EXERCISE OBJECTIVE
Your answer should hold all lines of the entries that include the word "Table".

DATA RECORDS

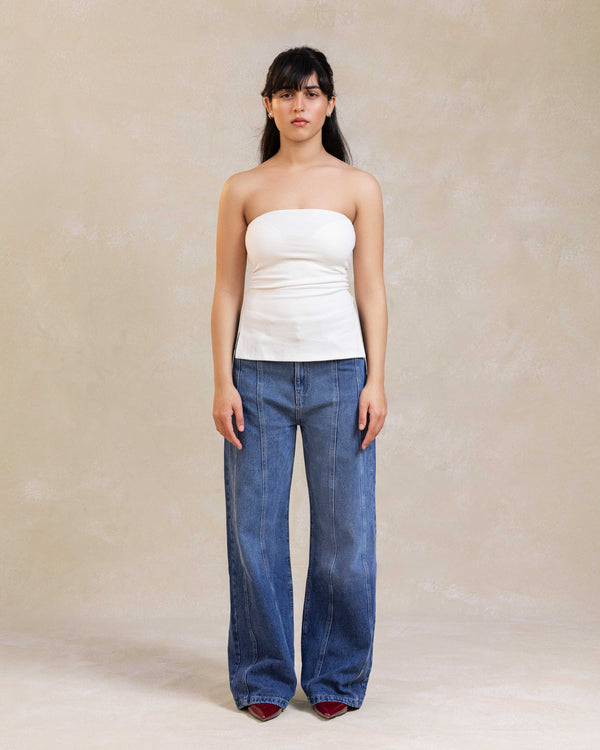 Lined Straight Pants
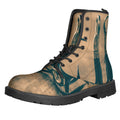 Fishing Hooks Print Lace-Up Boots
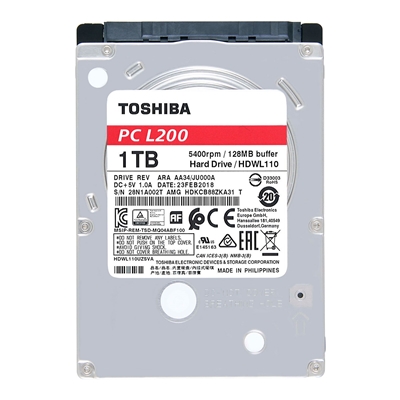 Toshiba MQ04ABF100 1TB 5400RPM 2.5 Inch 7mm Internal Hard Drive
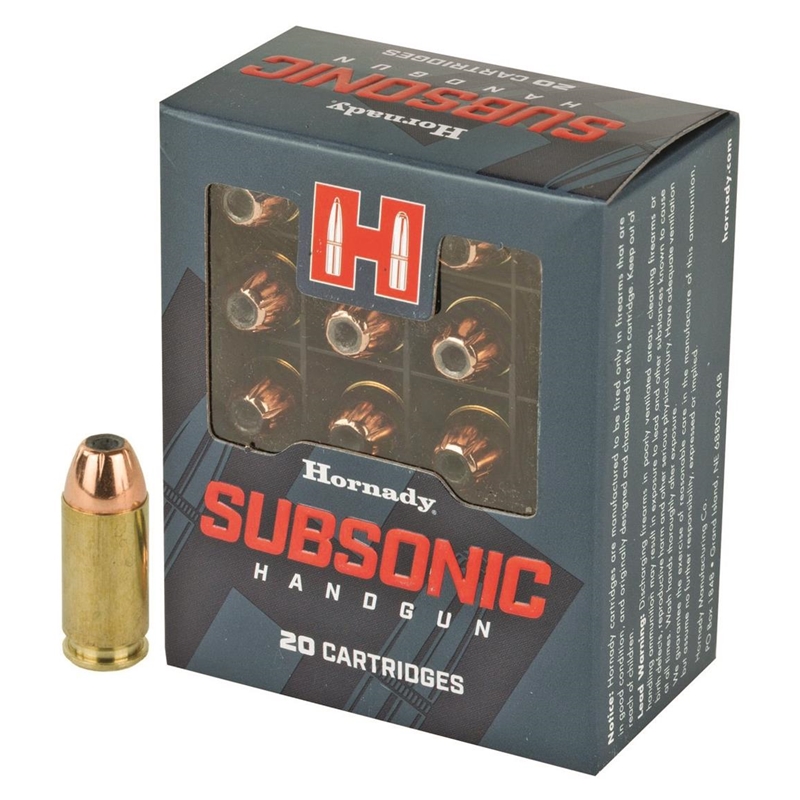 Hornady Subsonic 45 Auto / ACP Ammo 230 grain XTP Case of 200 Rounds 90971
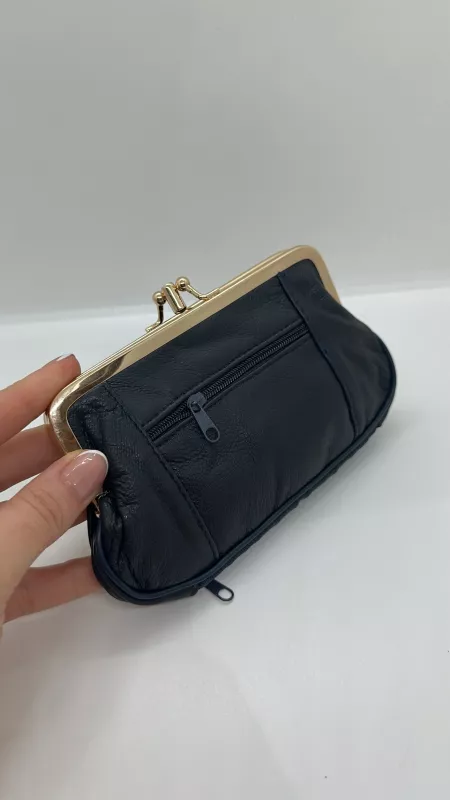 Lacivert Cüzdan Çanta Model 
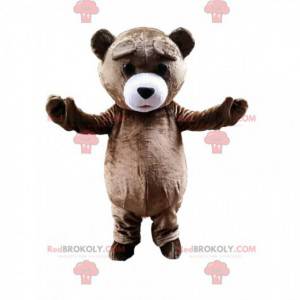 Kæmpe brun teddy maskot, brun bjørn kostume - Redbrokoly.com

...

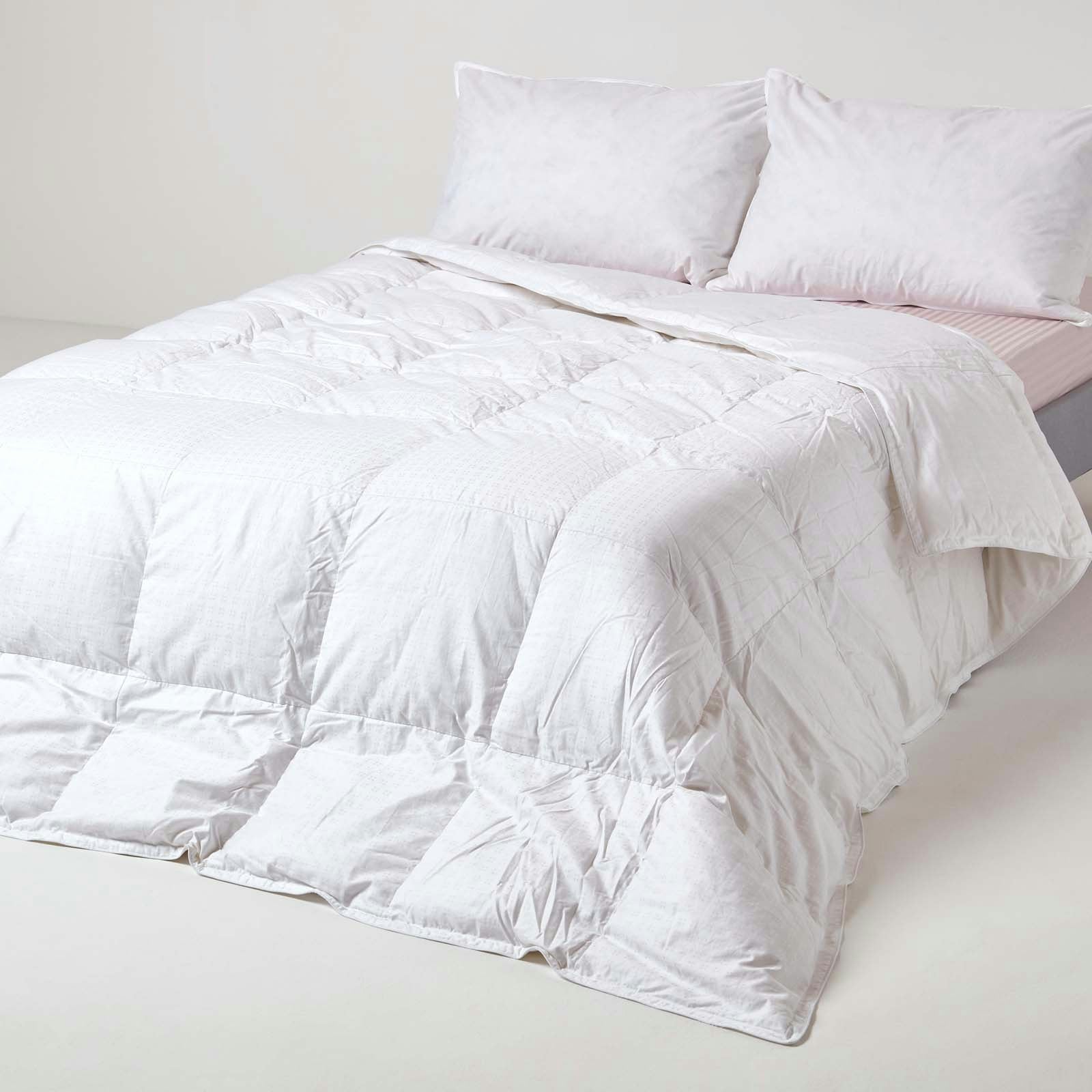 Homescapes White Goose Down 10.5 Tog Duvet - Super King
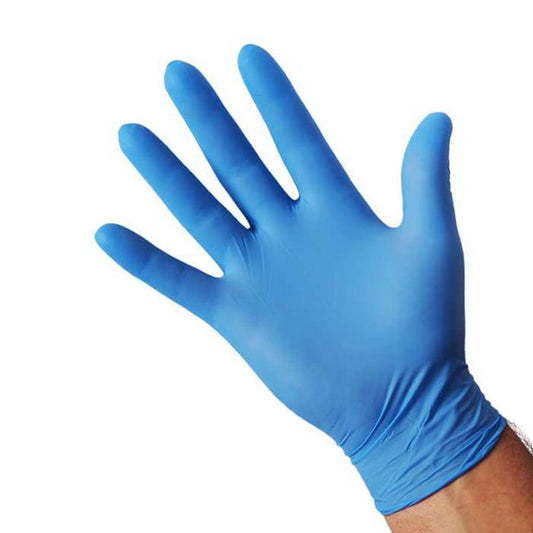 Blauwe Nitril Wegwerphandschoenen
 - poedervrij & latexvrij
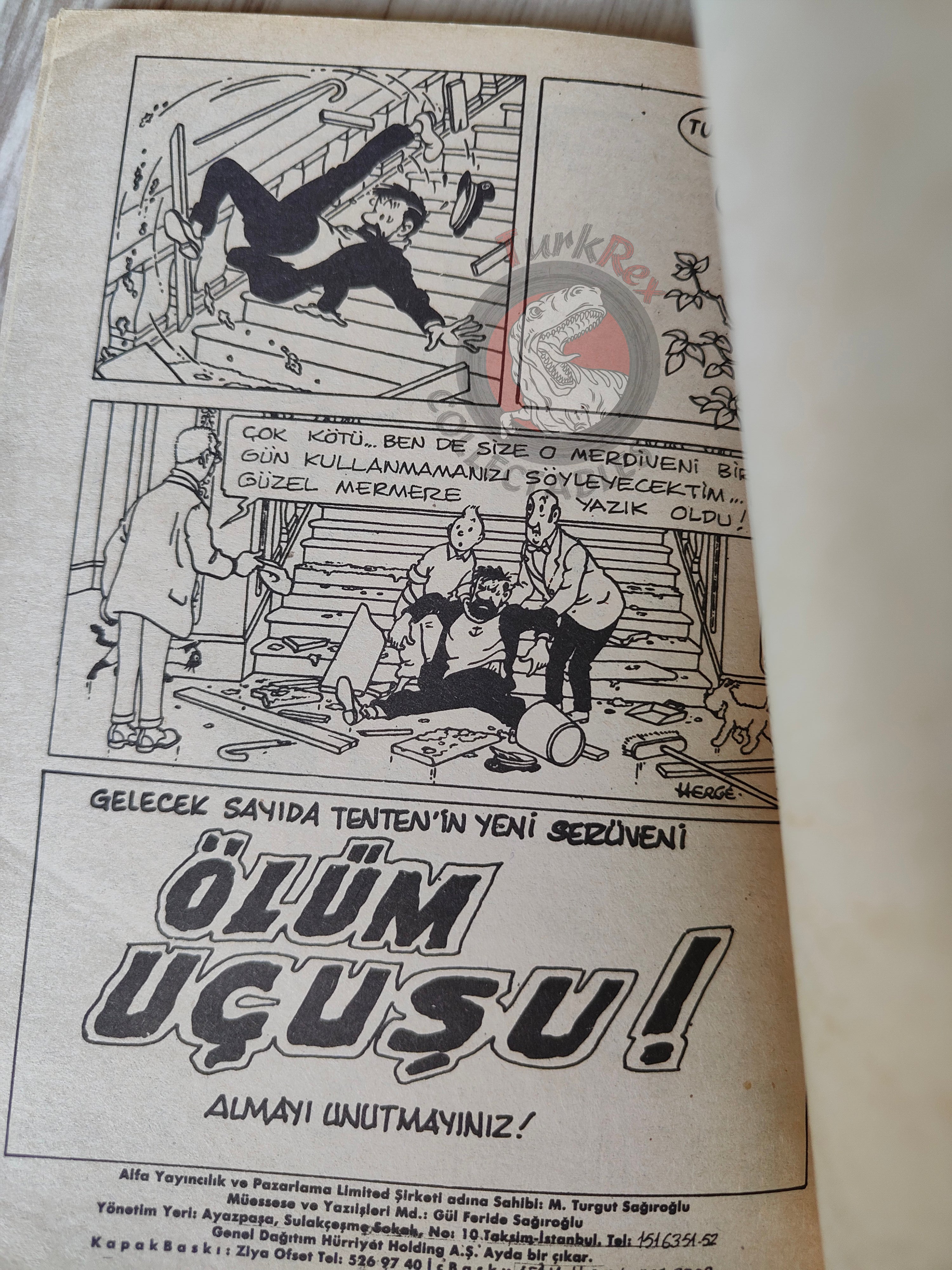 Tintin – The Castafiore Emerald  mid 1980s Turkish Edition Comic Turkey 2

* * *

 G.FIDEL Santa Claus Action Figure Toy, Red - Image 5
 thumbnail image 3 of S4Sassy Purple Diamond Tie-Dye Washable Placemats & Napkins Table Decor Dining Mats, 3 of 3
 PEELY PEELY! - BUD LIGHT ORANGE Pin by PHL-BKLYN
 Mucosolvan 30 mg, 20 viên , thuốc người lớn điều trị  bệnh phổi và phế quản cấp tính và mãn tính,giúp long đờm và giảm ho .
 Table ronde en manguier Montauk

EXERCISE RESULT
 thumbnail image 3 of S4Sassy Purple Diamond Tie-Dye Washable Placemats & Napkins Table Decor Dining Mats, 3 of 3
 Table ronde en manguier Montauk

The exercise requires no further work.